Task directions: Print the line containing "斗鱼视频网页版使用体验分享：全新功能升级，打造流畅观影新体验" and all lines after it, unchanged, through the end of the data. Leave the pictures out.

┄┄┄┄┄┄┄┄┄┄┄┄┄┄┄┄┄┄┄┄

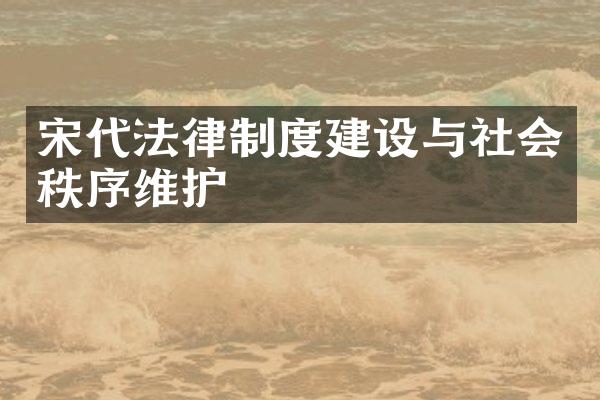 宋代法律制度建设与社会秩序维护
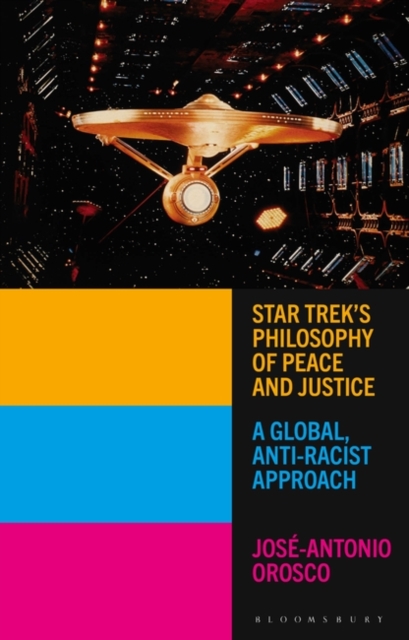 Star Trek's Philosophy of Peace and Justice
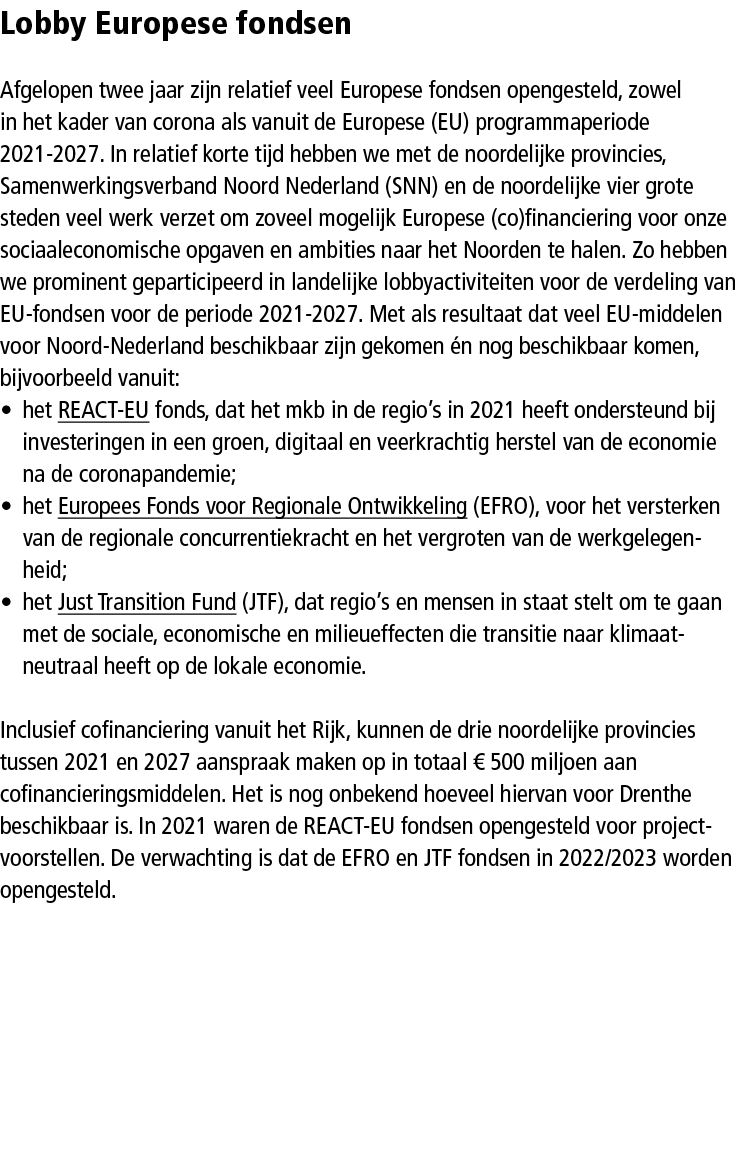 Lobby Europese fondsen Afgelopen twee jaar zijn relatief veel Europese fondsen opengesteld, zowel in het kader van co...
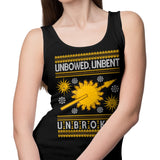 Unbowed. Unwrapped. Unbroken. - Tank Top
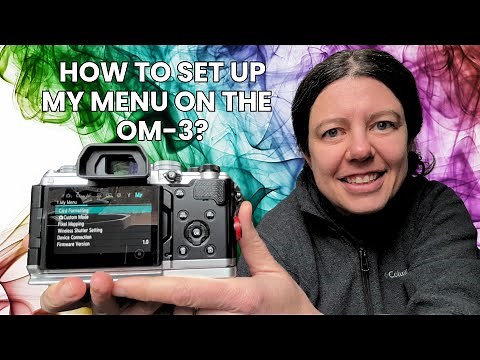 How to set up My Menu on the OM-3 (and other OM SYSTEM cameras)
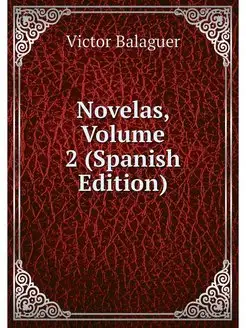 Novelas, Volume 2 (Spanish Edition)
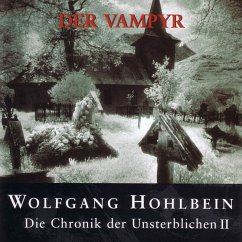 Der Vampyr / Die Chronik der Unsterblichen Bd.2 (MP3-Download) - Hohlbein, Wolfgang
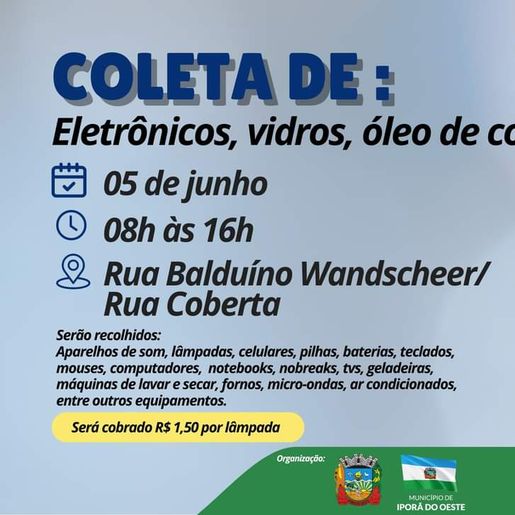 Iporã do Oeste terá coleta de materiais eletrônicos, vidros e óleo de cozinha nesta quarta feira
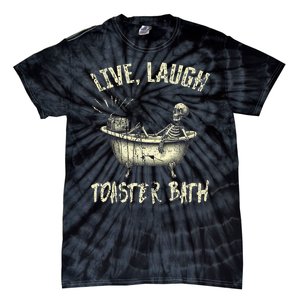 Live Laugh Toaster Bath Skeleton Bathroom Tie-Dye T-Shirt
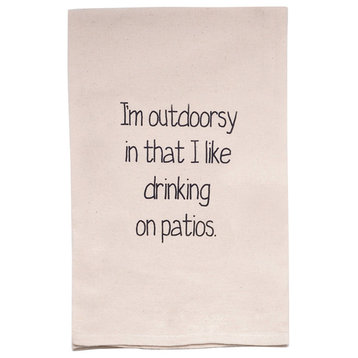 "I'm Outdoorsy In That I Like Drinking On Patios " Flour Sack Tea Towel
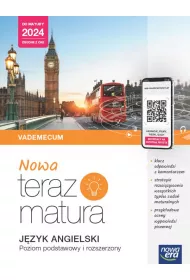 Nowa Teraz matura. J�zyk angielski. Vademecum. Zakres podstawowy i rozszerzony. Do matury 2024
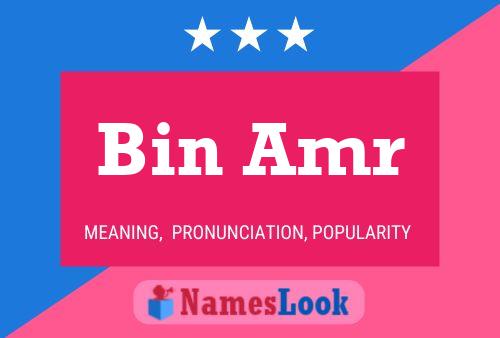 Bin Amr Name Poster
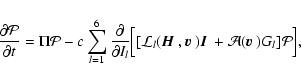 \begin{displaymath}{\partial {\cal P}\over\partial t}= \Pi{\cal P} -c
\sum_{l=1}...
...} + {\cal A({\mbox{\boldmath$\vec{v}$ }})}G_l] {\cal P}\Bigr],
\end{displaymath}
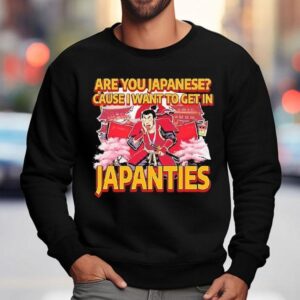 Are You Japanese Cause I Want To Get In Japanties Graphic Shirt 3 Are You Japanese Cause I Want To Get In Japanties Graphic Sweatshirt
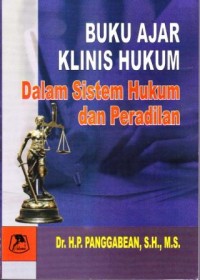Image of Buku Ajar Klinis Hukum Dalam Sistem Hukum dan Peradilan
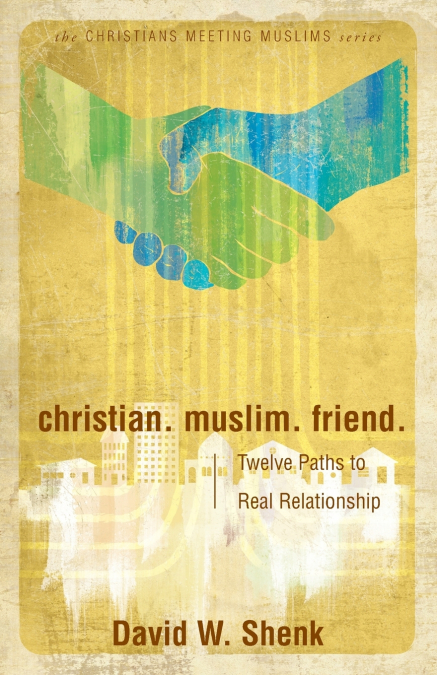 CHRISTIAN. MUSLIM. FRIEND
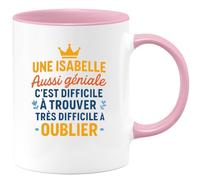 quotedazur - Mug Humour Isabelle, Géniale À Trouver, Difficile Quitter, Impossible Oublier, Cadeau Parfait. Idéal Tasse Personnalisée Pour Unique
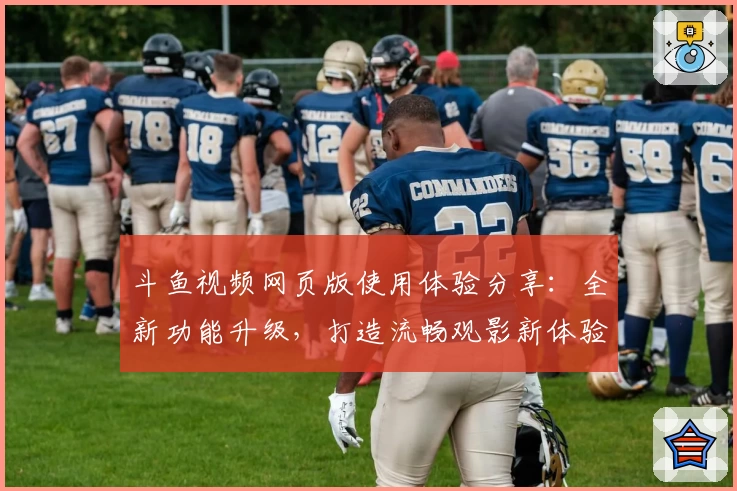 斗鱼视频网页版使用体验分享：全新功能升级，打造流畅观影新体验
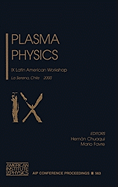 Plasma Physics: IX Latin American Workshop, La Serena, Chile, 13-17 November 2000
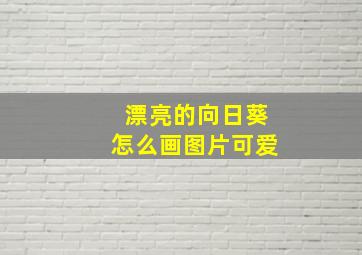 漂亮的向日葵怎么画图片可爱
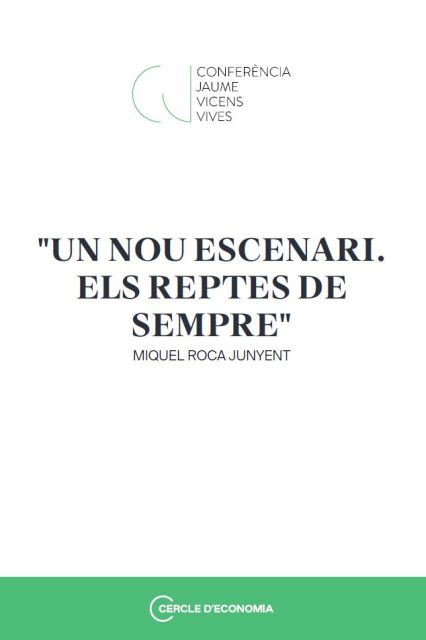 Un nou escenari. Els reptes de sempre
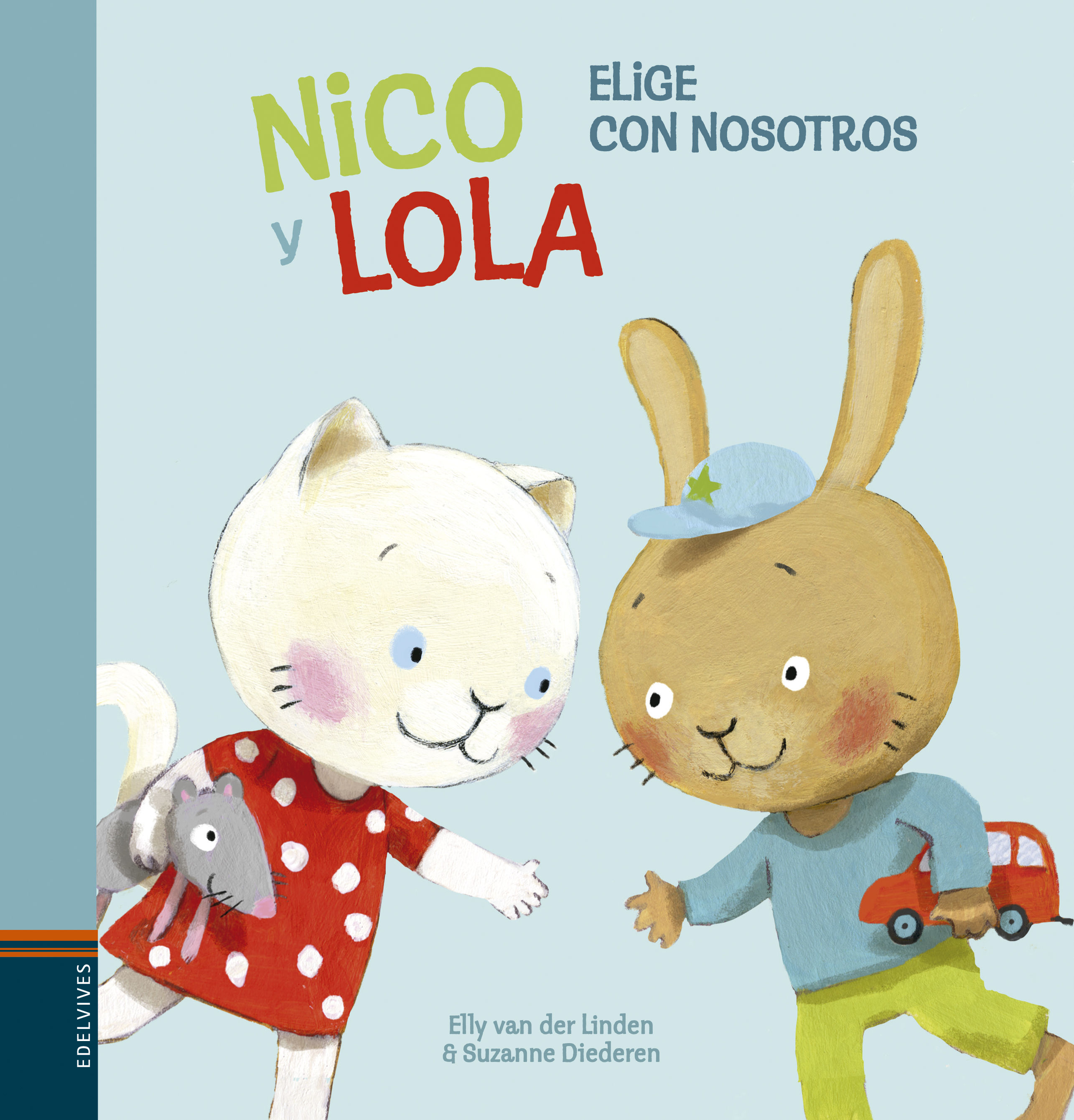 NICO Y LOLA. ELIGE CON NOSOTROS.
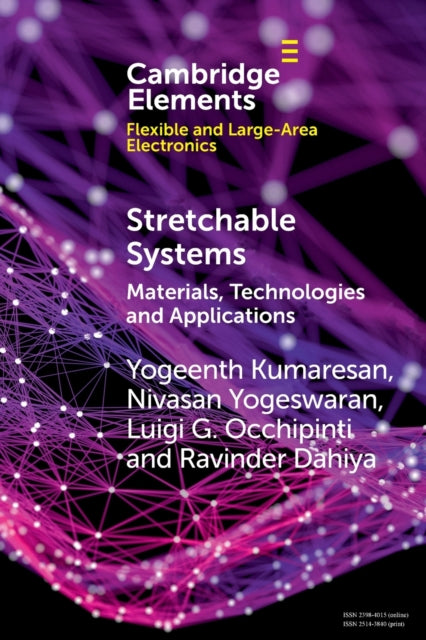 Stretchable Systems: Materials, Technologies and Applications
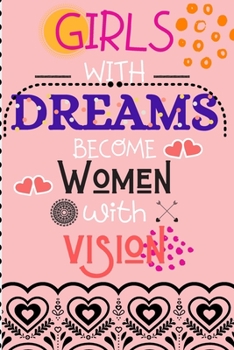 Girls With Dreams Become Women With Vision: Goal Oriented Planner Notebook , Journal , Dairy , Pocket For GIrls Women Boys Men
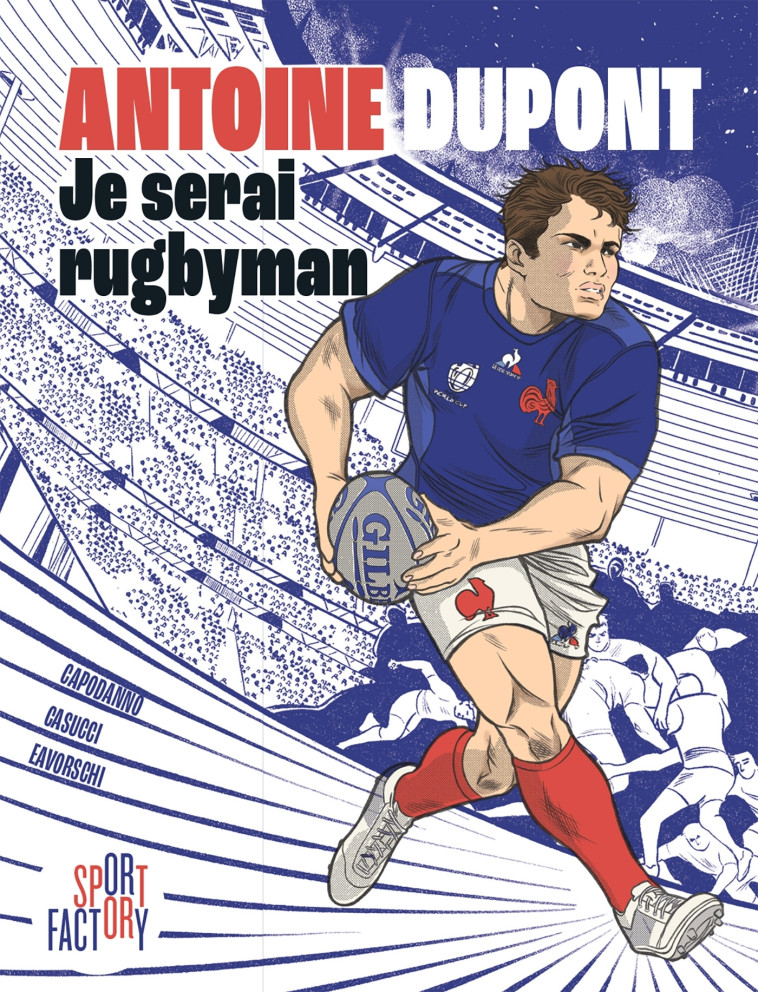 Antoine Dupont je serai rugbyman - Caroline Capodanno, Elisa Casucci, Robert Daniel Eavorschi, Antoine Dupont - MARABULLES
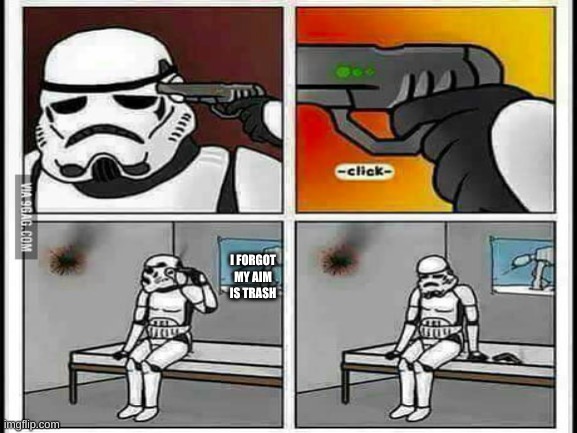sad | I FORGOT MY AIM IS TRASH | image tagged in star wars | made w/ Imgflip meme maker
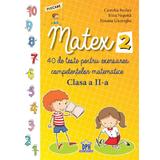 Matex 2. 40 de teste pentru exersarea competentelor matematice - Clasa 2 - Camelia Burlan, Irina Negoita, Roxana Gheorghe, editura Didactica Publishing House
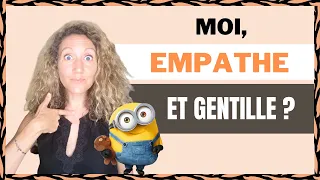 ARRÊTE d’être TROP gentille = STOP aux MPN ! Femme surdoué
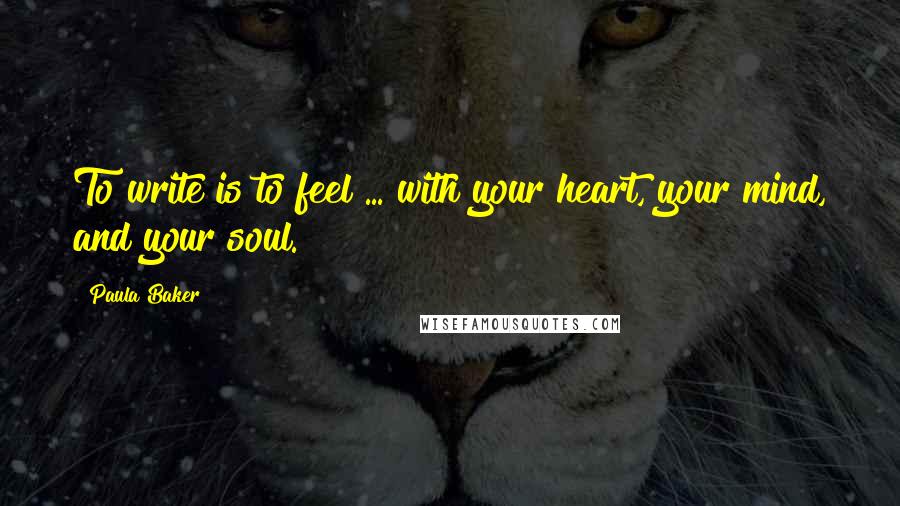 Paula Baker Quotes: To write is to feel ... with your heart, your mind, and your soul.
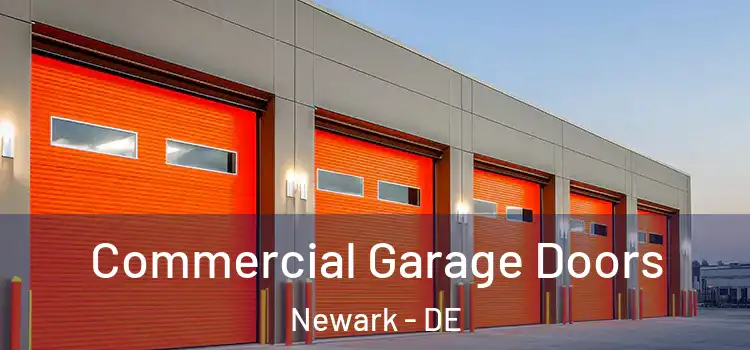  Commercial Garage Doors Newark - DE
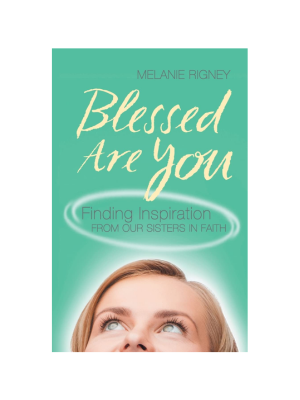 Blessed Are You: Finding Inspiration from Our Sisters in Faith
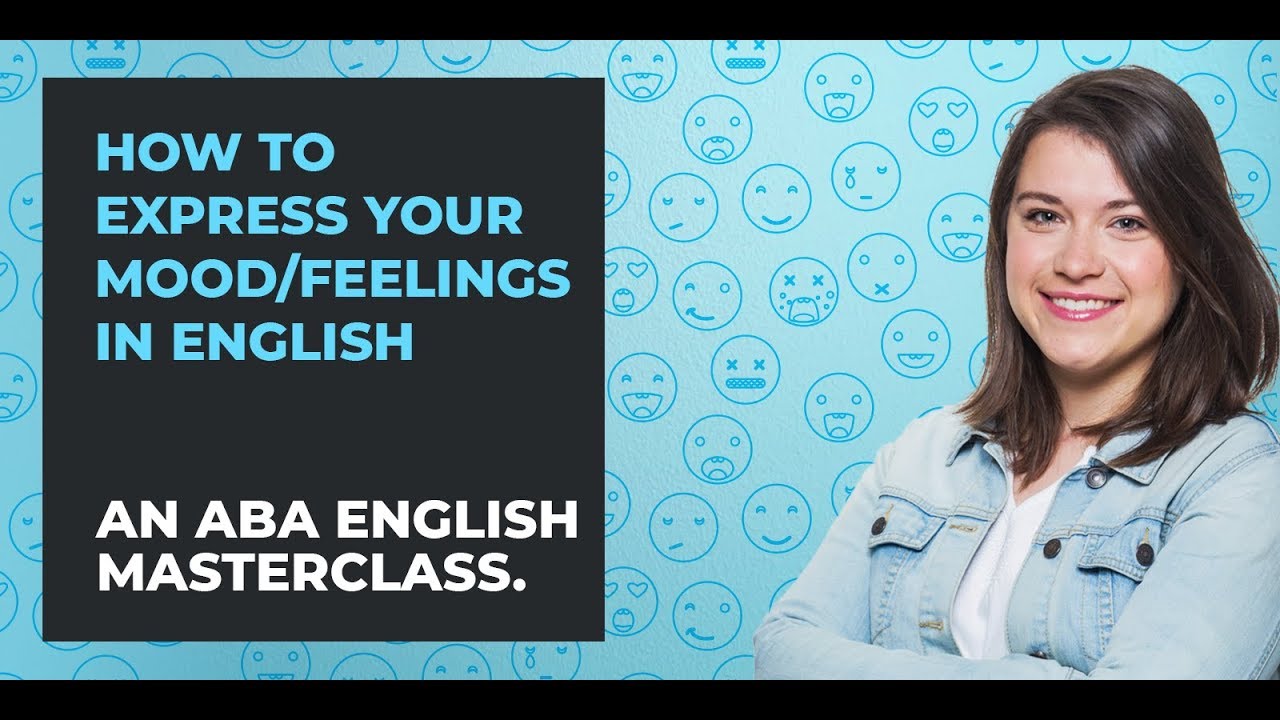 How To Describe Your Mood In English | A Guide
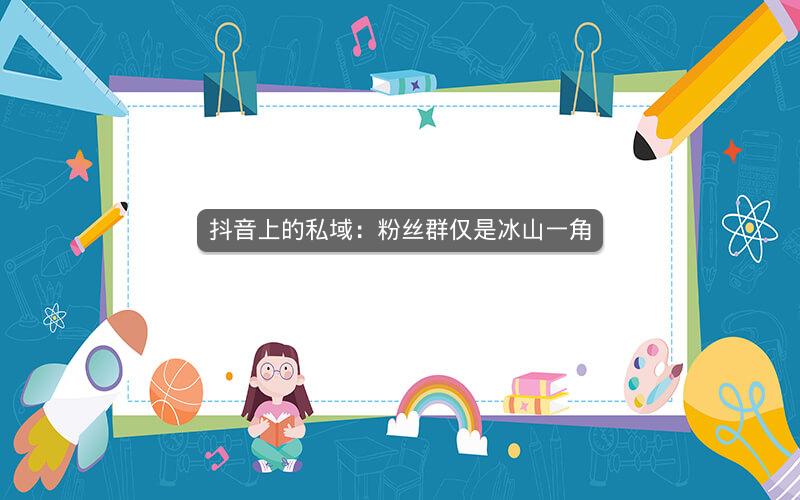 抖音上的私域：粉丝群仅是冰山一角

┄┄┄┄┄┄┄┄┄┄┄┄┄┄┄┄┄┄┄┄

Answer to this exercise:
 斗鱼视频网页版使用体验分享：全新功能升级，打造流畅观影新体验
 Plasma Physics: IX Latin American Workshop, La Serena, Chile, 13-17 November 2000
 漂亮的向日葵怎么画图片可爱
 Un nou escenari. Els reptes de sempre
 NICO Y LOLA. ELIGE CON NOSOTROS.
 Stretchable Systems: Materials, Technologies and Applications
 Girls With Dreams Become Women With Vision: Goal Oriented Planner Notebook , Journal , Dairy , Pocket For GIrls Women Boys Men
 Antoine Dupont je serai rugbyman - Caroline Capodanno, Elisa Casucci, Robert Daniel Eavorschi, Antoine Dupont - MARABULLES
sad | I FORGOT MY AIM IS TRASH | image tagged in star wars | made w/ Imgflip meme maker
 Matex 2. 40 de teste pentru exersarea competentelor matematice - Clasa 2 - Camelia Burlan, Irina Negoita, Roxana Gheorghe, editura Didactica Publishing House
 ARRÊTE d’être TROP gentille = STOP aux MPN ! Femme surdoué
 Paula Baker Quotes: To write is to feel ... with your heart, your mind, and your soul.
  Commercial Garage Doors Newark - DE
 Blessed Are You: Finding Inspiration from Our Sisters in Faith
 How To Describe Your Mood In English | A Guide
 抖音上的私域：粉丝群仅是冰山一角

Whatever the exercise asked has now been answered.